Kevin’s life was not terribly unfamiliar to me. Few remarkable things ever happened. In one of the episodes, the narrator (played, I think, by Daniel Stern) observed that, in junior high, who you are is dictated by who sits next to you at lunch.

(As an odd aside, when I was a grad student, I had Fred Savage (who played Kevin Arnold) as an undergrad in one of my sections at Stanford.)

In one episode, an odd girl with three pigtails befriends Kevin. Kevin was desperate always to move up to the cool lunch table, and was off-put by the oddball’s attempts to be friends. He shuns her, and by the end of the episode, she moves away. At the close of the show, in his epilogue Kevin remarks that "no-one remembers much about the kids you were so desperate to impress as a kid.”

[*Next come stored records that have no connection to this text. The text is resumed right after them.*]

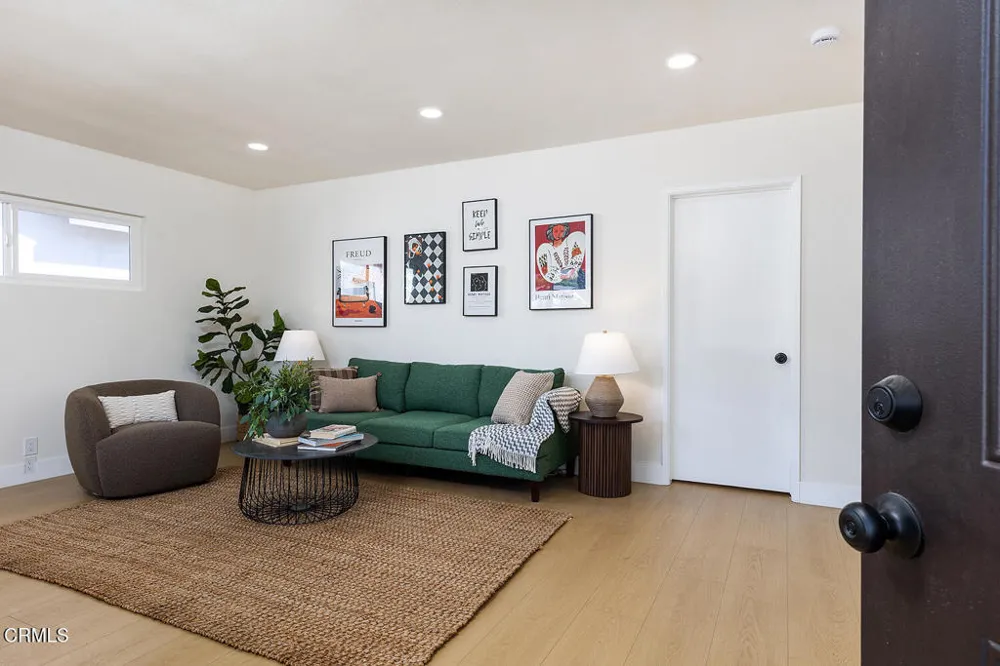 2211 Casitas Avenue Altadena, CA 91001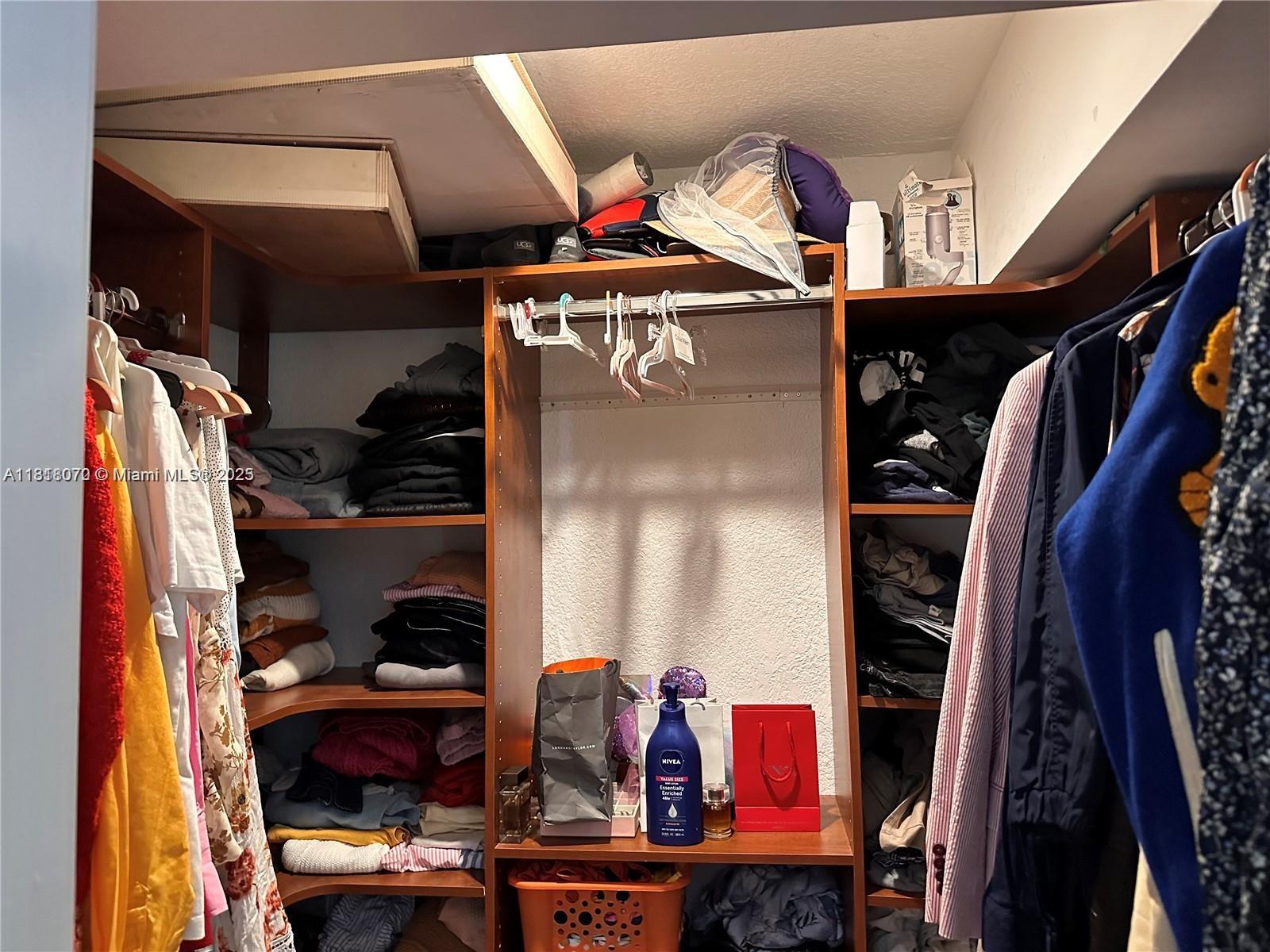 THE DARIA CONDO - Residential Lease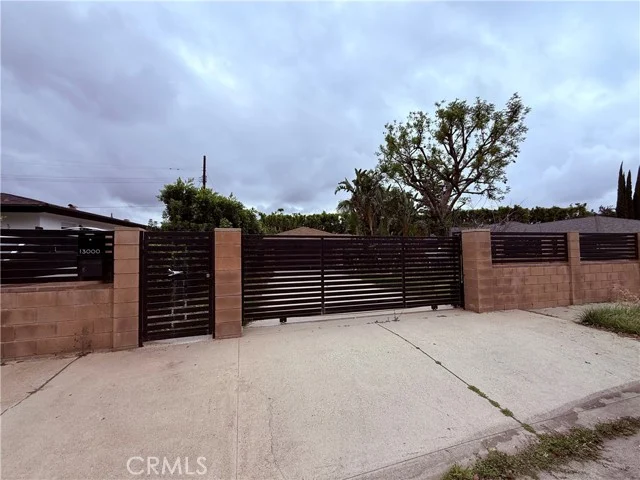13000 Lull, North Hollywood
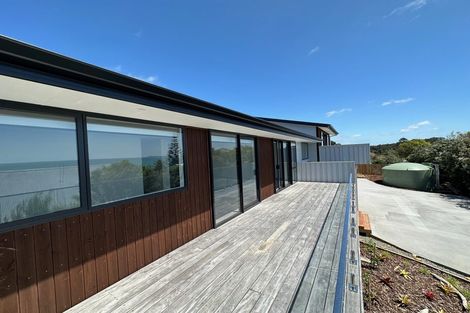 Photo of property in 77 Stratford Drive, Cable Bay, 0420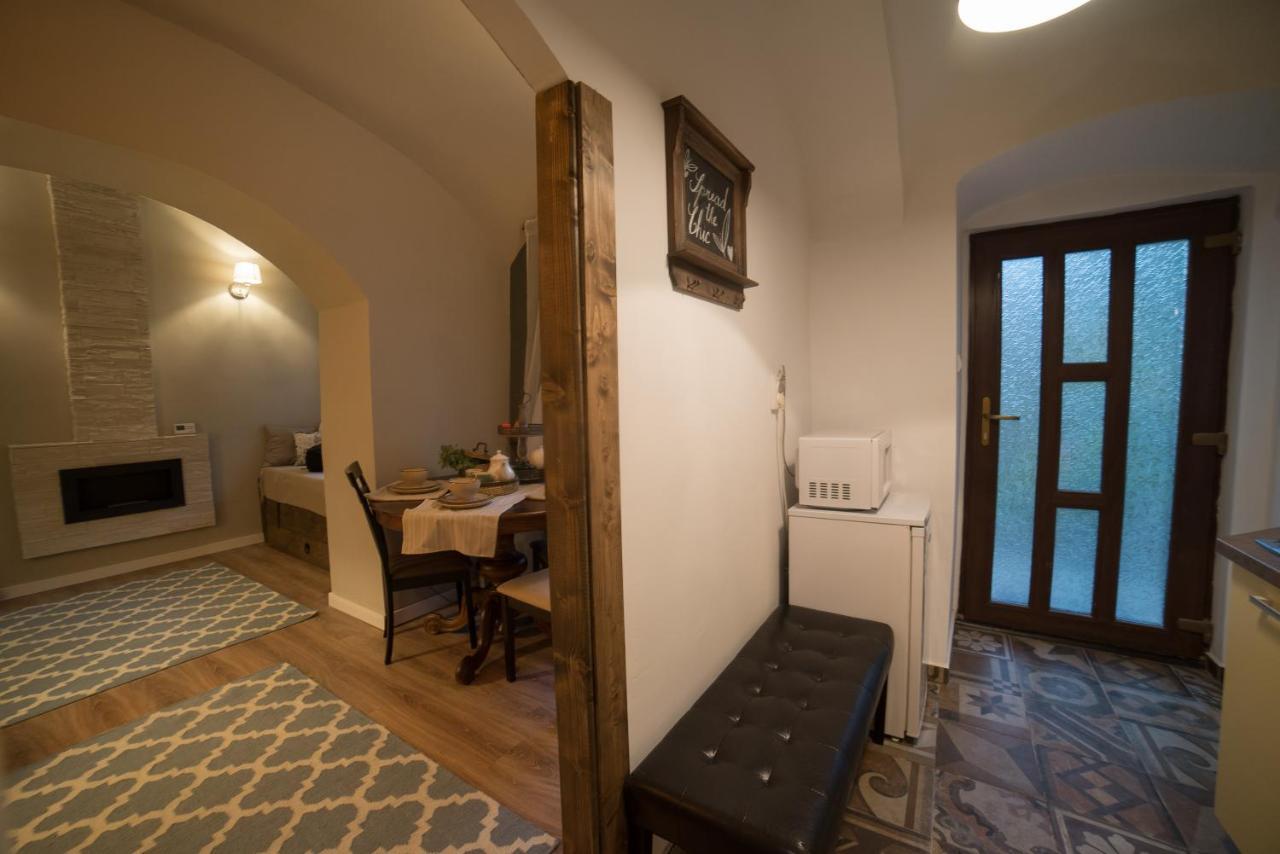 Colonial Ultra Center Apartment *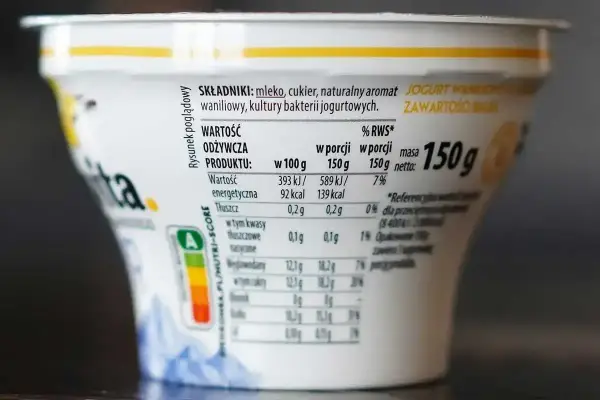 Skyr naturalny - kalorie, białko i czy warto go jeść?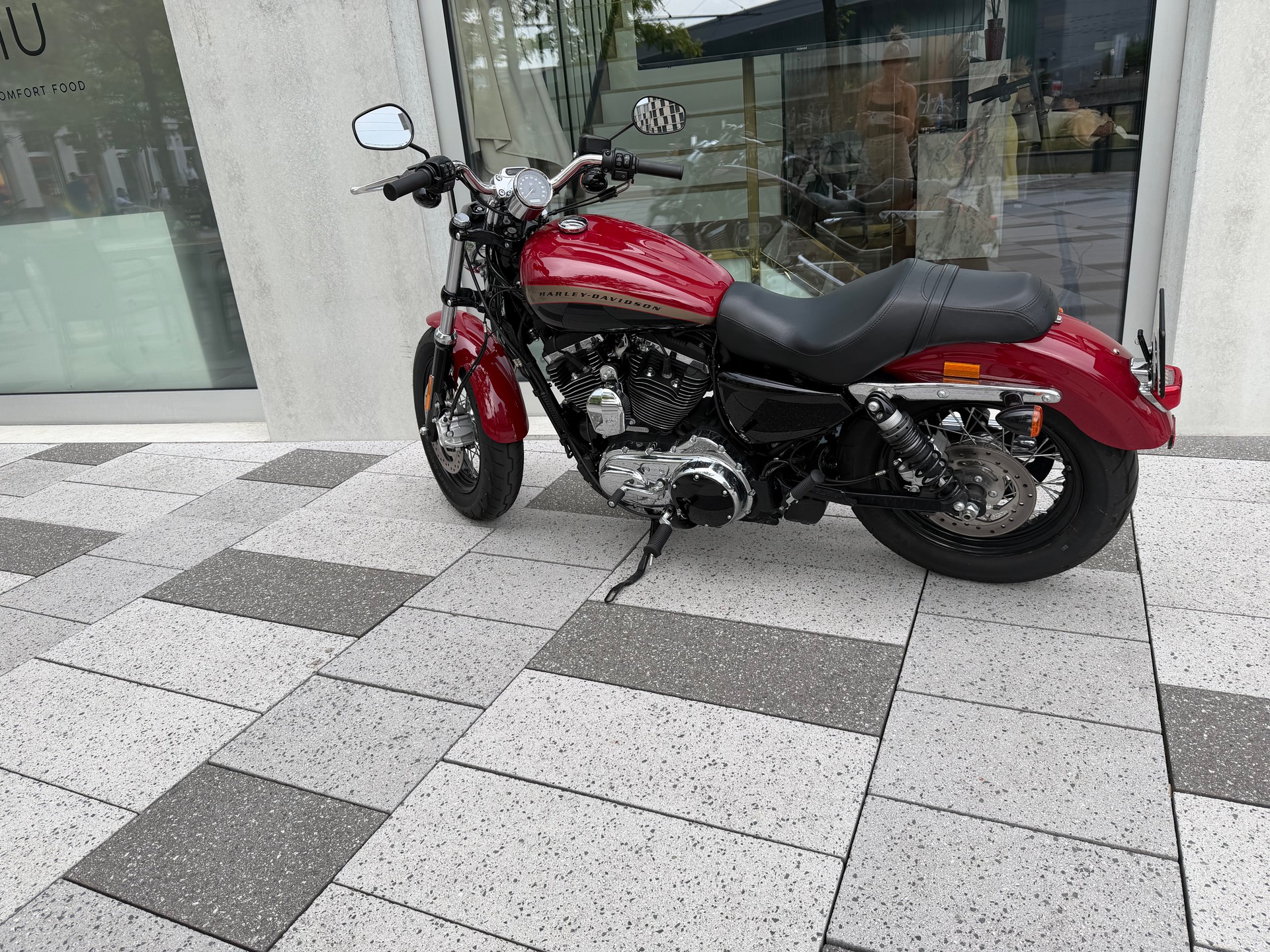 HARLEY-DAVIDSON XL 1200 C Sportster Custom ABS-image-2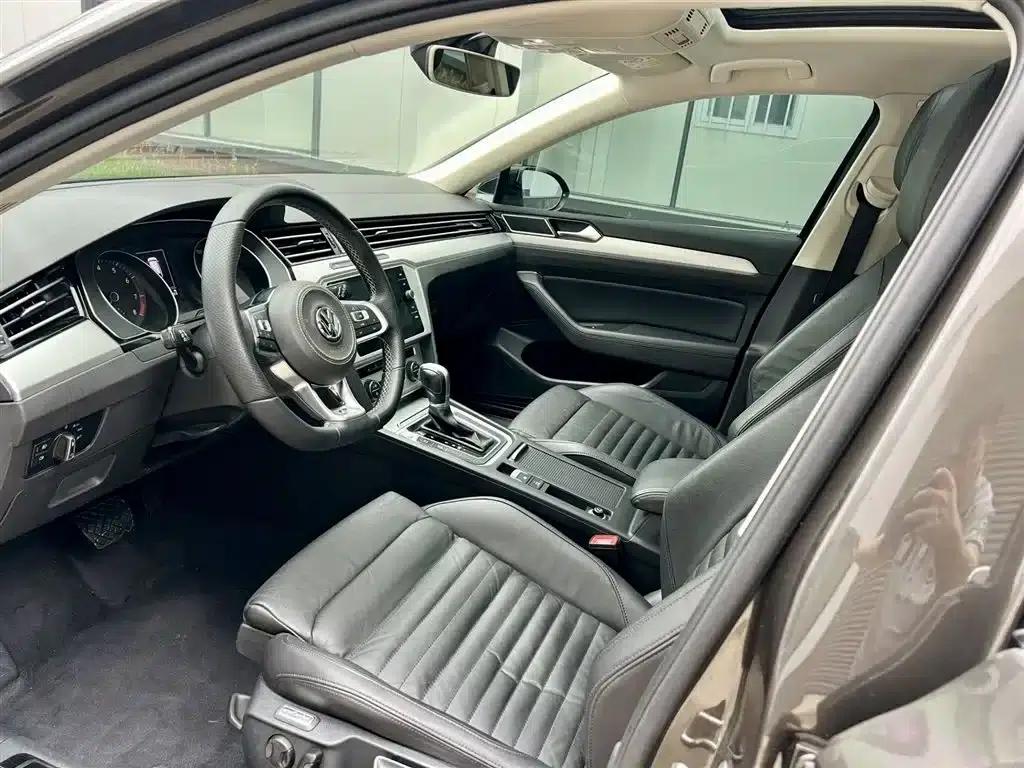 Passat Variant 2018 380TSI 2WD Comfortline — миниатюра 5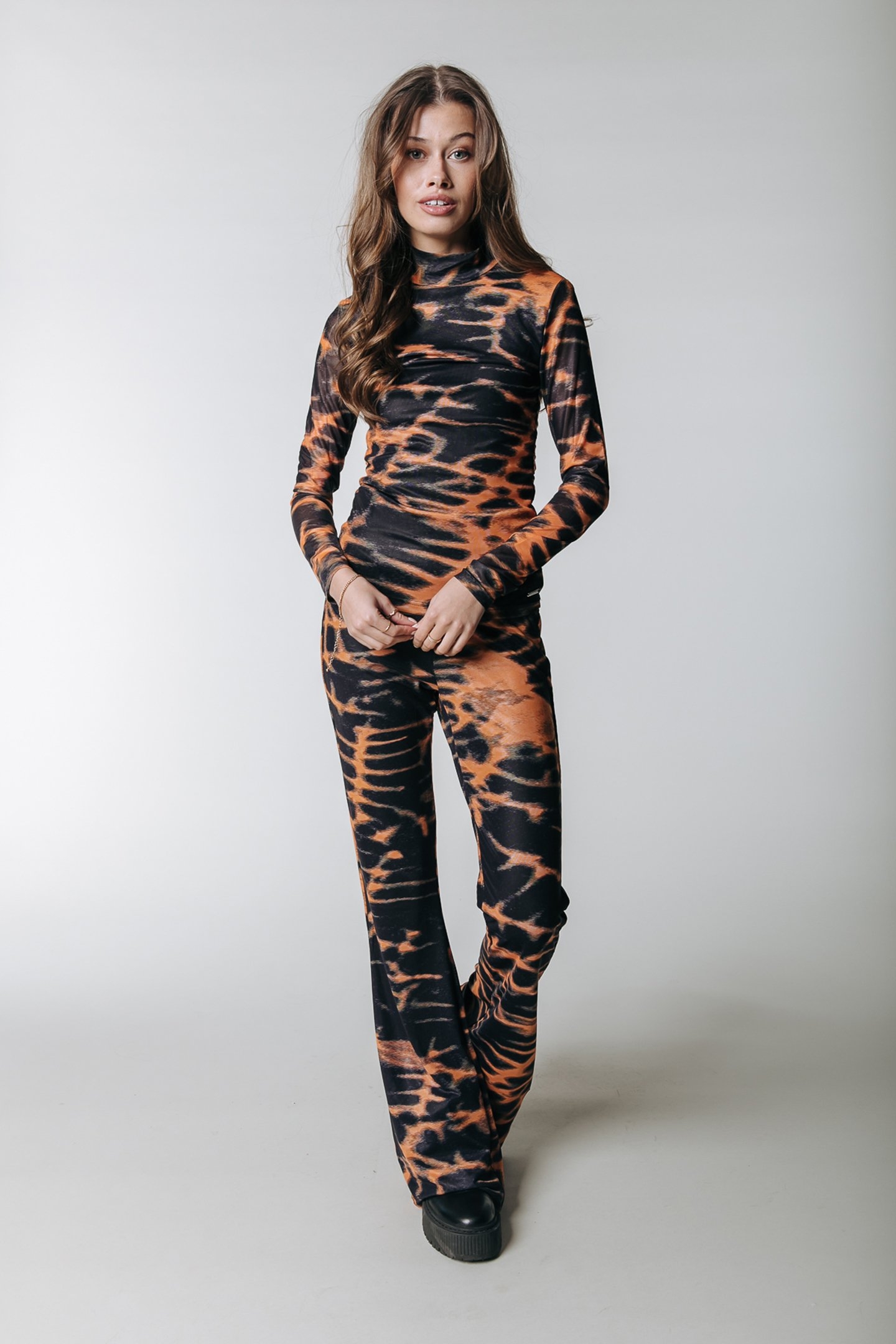 ANIMAL MESH EXTRA FLARE PANTS MANDARIN ORANGE 1
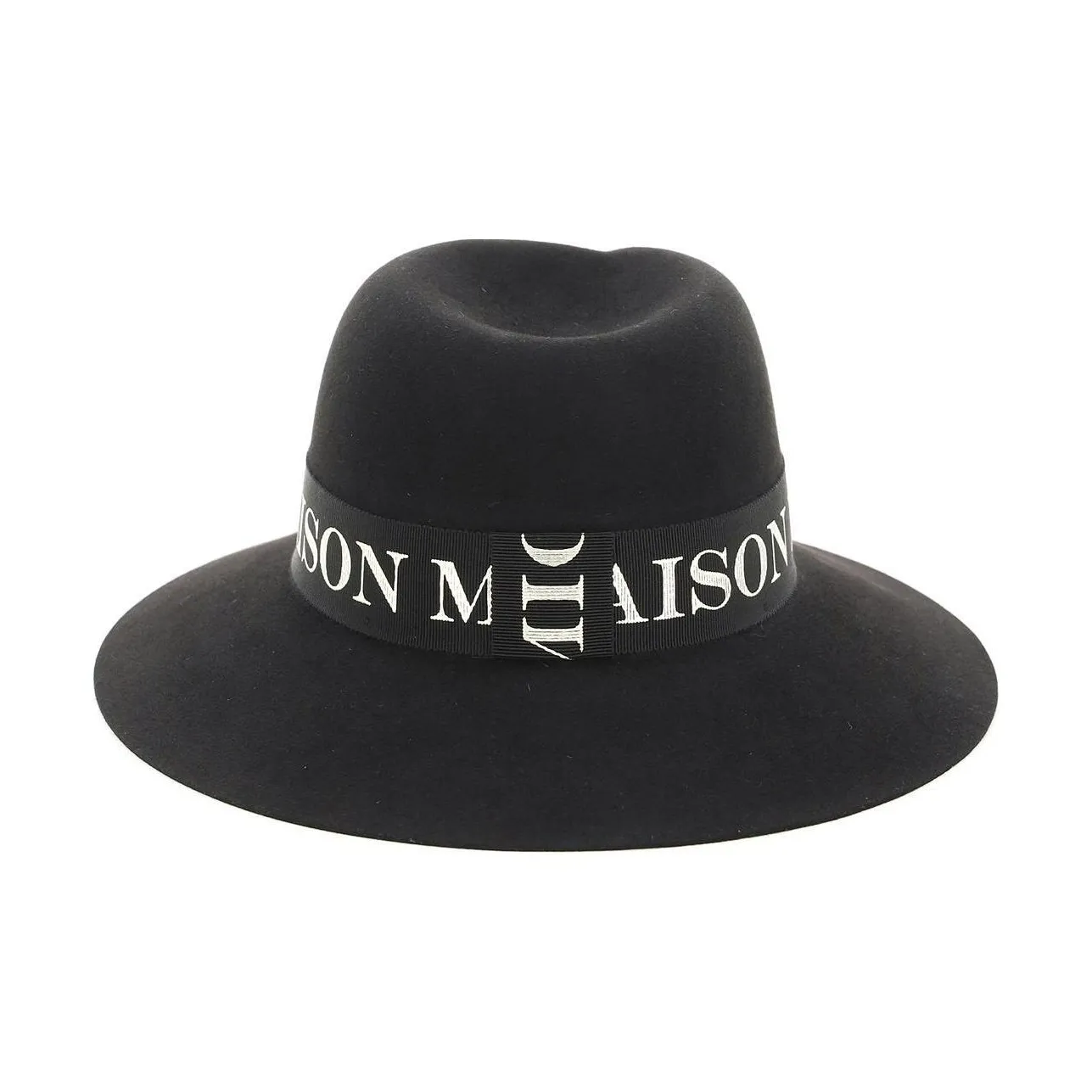 white straw Virginie hat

The reality is that almost none of us is destined for any sort of conventional “greatness.” We are destined to live the more or less “average” life. There are some triumphs. There are some failures. I personally do not consider it a ‘downfall’ that the BMOC ended up in a typical, middle-class job.

Thanks to Facebook, I found out that the jock who sat at the top of the cool table, after a stint in the Navy, turned out as an adult to be a pretty solid, nice, and empathetic guy who spends his time when not working helping needy people. It’s not what I would have imagined from a guy who I thought I had pegged as a 16 year old with a cocky attitude and a big mouth.

What he does now impresses me a lot more than his exploits on the football field or in the halls of my high school.

John Lennon once said that life is what happens when you’re making plans. Jobs. Families. Bills. Kids. Weddings. Funerals.